• **Problem description**: Return each line of the listing that has the word "CHERY" in it.

• **Records supplied**:

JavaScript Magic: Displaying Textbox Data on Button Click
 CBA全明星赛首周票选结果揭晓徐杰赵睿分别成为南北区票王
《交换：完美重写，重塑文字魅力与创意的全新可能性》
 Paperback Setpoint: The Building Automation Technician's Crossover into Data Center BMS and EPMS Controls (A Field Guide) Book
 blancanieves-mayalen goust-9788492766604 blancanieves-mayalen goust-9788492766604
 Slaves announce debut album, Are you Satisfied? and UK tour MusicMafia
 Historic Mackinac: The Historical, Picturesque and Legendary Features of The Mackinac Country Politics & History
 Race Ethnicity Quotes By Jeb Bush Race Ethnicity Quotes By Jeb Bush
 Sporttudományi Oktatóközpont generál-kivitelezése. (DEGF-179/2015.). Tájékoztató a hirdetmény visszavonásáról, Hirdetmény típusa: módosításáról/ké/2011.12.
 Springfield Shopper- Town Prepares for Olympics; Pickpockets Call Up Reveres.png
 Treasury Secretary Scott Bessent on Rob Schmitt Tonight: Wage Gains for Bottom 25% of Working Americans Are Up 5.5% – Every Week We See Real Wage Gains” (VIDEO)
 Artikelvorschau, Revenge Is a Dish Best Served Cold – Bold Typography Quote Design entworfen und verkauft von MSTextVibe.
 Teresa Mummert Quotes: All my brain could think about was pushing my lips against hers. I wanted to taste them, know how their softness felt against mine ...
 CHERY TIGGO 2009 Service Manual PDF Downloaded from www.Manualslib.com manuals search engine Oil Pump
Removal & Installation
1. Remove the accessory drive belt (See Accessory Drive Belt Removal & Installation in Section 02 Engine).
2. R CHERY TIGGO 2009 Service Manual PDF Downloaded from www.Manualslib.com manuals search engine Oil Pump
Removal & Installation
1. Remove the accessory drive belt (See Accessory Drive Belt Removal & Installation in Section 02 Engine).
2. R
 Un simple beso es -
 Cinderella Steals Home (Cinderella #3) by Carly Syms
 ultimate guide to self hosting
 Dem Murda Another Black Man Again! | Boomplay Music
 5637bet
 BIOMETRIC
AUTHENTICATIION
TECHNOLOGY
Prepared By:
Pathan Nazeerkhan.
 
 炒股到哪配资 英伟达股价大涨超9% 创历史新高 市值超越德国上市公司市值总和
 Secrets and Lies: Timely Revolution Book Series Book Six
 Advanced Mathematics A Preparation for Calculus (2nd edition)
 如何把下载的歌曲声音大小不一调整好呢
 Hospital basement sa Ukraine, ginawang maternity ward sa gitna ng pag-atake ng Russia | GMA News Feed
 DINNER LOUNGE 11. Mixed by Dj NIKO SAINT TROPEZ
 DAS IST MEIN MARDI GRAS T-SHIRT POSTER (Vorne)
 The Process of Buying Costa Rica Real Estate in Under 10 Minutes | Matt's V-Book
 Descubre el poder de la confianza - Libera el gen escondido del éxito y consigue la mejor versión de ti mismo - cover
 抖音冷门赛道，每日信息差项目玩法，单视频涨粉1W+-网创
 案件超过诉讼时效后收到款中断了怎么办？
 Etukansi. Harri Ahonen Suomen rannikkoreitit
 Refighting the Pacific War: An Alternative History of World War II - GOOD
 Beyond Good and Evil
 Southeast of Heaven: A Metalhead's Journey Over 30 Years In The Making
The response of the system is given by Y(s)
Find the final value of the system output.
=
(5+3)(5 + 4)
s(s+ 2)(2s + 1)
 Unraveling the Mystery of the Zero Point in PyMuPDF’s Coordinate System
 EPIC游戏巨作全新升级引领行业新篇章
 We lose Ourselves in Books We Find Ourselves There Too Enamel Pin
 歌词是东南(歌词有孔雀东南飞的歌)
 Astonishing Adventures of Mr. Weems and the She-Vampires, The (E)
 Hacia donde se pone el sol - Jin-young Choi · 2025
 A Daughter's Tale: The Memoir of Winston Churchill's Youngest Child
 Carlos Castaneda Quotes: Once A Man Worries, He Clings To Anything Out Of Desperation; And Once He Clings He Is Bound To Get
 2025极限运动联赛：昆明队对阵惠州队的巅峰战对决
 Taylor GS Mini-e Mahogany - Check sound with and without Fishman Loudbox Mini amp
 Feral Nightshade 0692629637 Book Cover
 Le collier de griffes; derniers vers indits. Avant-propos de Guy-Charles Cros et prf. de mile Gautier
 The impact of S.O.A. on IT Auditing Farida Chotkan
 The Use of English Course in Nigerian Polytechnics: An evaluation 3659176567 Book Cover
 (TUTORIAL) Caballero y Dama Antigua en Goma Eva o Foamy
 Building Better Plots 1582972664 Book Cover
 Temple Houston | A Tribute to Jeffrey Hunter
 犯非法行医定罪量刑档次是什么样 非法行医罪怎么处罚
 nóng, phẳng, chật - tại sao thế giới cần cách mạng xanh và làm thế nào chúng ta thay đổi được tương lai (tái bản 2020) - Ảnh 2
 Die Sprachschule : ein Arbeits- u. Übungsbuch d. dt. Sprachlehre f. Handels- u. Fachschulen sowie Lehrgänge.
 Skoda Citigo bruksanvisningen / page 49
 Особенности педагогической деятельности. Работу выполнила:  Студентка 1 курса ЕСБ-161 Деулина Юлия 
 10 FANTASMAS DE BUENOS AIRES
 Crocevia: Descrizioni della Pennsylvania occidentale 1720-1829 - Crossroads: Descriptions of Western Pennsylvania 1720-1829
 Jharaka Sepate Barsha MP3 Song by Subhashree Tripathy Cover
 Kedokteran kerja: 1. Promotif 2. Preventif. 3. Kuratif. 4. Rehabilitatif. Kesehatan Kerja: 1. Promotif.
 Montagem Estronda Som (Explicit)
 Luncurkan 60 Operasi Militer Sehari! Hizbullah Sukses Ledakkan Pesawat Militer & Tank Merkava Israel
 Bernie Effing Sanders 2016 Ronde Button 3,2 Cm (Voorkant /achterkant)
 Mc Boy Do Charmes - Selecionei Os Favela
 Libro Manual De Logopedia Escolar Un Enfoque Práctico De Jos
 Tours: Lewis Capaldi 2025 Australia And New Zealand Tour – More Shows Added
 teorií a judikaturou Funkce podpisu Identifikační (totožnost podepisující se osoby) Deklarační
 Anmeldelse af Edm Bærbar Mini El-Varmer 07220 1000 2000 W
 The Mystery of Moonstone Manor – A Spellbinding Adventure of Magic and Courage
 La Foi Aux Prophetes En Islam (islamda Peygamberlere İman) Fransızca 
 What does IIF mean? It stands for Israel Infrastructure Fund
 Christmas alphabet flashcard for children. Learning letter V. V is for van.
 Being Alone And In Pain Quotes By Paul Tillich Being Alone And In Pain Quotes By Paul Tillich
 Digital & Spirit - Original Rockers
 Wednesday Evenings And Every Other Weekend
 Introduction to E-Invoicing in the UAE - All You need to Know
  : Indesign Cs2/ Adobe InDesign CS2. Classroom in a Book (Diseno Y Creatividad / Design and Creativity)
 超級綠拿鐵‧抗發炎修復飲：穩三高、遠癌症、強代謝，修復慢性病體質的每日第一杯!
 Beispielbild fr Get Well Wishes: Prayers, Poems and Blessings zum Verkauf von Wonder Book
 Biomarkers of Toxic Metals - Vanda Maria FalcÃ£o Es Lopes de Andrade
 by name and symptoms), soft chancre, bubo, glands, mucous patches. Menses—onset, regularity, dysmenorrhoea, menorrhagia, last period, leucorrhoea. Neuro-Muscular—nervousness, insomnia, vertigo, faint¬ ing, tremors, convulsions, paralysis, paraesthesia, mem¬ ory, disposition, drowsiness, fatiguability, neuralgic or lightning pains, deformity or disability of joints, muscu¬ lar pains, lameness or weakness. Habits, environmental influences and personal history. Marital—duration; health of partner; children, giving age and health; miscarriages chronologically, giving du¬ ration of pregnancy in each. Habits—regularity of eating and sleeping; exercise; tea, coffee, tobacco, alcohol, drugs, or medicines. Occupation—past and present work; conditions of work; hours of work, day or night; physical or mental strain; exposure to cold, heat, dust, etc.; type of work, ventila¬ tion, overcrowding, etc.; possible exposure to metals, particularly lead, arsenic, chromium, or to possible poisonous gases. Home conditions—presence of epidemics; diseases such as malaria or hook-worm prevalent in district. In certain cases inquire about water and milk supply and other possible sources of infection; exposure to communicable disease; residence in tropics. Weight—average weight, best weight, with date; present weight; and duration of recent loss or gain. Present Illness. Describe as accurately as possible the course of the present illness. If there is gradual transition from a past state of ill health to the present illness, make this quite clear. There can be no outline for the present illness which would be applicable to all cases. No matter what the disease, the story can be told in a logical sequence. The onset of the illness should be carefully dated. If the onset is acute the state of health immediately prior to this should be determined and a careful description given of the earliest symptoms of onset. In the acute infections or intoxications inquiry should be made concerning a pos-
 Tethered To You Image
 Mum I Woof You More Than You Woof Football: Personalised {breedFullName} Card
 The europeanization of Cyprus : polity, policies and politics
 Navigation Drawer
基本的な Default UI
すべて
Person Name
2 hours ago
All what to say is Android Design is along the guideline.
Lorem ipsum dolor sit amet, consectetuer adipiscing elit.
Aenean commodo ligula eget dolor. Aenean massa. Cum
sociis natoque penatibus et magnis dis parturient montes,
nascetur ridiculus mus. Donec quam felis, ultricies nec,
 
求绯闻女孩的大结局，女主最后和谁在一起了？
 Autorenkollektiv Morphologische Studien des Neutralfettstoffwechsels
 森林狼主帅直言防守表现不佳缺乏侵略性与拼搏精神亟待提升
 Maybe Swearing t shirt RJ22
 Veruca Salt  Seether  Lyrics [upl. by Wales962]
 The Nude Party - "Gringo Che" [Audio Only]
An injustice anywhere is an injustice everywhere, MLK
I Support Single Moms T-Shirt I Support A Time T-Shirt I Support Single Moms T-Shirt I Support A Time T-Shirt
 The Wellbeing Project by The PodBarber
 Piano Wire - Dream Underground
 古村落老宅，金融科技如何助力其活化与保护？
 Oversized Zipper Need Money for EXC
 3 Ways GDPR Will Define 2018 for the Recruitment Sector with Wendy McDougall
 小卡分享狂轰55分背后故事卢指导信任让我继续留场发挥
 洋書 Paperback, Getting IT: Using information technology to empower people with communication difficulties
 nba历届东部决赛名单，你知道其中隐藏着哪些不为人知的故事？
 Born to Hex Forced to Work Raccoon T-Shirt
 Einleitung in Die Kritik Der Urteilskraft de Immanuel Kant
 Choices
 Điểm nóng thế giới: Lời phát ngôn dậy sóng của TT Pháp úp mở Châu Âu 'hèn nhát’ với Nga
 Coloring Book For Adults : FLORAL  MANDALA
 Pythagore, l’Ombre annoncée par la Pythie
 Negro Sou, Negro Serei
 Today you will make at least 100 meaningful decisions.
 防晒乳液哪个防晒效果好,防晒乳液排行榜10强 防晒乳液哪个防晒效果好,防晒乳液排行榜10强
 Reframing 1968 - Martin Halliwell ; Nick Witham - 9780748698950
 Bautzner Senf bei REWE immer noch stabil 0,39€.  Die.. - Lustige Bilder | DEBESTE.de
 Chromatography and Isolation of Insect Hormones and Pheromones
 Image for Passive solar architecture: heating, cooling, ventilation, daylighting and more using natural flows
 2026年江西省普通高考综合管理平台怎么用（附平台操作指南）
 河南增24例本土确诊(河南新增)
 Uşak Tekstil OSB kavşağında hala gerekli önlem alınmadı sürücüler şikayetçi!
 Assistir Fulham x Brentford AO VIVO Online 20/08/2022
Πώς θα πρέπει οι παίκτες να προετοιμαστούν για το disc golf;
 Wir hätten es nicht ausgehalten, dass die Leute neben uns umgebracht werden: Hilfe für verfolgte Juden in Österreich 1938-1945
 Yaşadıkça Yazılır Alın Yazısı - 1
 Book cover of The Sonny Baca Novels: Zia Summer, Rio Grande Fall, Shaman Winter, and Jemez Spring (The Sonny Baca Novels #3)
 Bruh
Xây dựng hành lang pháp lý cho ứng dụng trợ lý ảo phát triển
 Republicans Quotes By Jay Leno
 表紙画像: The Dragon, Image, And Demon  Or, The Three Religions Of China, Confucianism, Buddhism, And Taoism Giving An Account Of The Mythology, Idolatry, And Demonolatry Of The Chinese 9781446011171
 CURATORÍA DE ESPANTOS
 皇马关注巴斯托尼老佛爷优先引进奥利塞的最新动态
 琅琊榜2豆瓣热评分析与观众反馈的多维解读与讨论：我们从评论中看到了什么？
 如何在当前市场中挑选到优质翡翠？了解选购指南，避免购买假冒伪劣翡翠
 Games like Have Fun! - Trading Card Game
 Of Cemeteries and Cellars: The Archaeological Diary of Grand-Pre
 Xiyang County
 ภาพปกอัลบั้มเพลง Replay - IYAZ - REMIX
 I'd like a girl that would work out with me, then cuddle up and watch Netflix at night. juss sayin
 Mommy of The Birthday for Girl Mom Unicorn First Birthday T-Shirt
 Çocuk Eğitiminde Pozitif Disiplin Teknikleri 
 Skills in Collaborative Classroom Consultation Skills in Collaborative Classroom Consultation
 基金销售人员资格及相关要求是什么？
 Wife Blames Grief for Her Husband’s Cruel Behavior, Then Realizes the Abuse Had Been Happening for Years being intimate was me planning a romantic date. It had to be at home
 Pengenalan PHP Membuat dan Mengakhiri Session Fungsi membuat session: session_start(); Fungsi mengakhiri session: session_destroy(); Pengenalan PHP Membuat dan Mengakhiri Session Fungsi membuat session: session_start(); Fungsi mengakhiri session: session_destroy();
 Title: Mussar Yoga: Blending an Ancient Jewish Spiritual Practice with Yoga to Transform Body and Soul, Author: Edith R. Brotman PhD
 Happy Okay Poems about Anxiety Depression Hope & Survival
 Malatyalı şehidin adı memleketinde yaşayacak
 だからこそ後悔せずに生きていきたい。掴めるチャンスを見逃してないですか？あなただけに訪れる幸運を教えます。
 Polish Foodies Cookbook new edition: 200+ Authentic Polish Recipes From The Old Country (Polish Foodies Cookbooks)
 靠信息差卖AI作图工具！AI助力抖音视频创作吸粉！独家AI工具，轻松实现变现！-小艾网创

• **Answer for the task**:
 CHERY TIGGO 2009 Service Manual PDF Downloaded from www.Manualslib.com manuals search engine Oil Pump
2. R CHERY TIGGO 2009 Service Manual PDF Downloaded from www.Manualslib.com manuals search engine Oil Pump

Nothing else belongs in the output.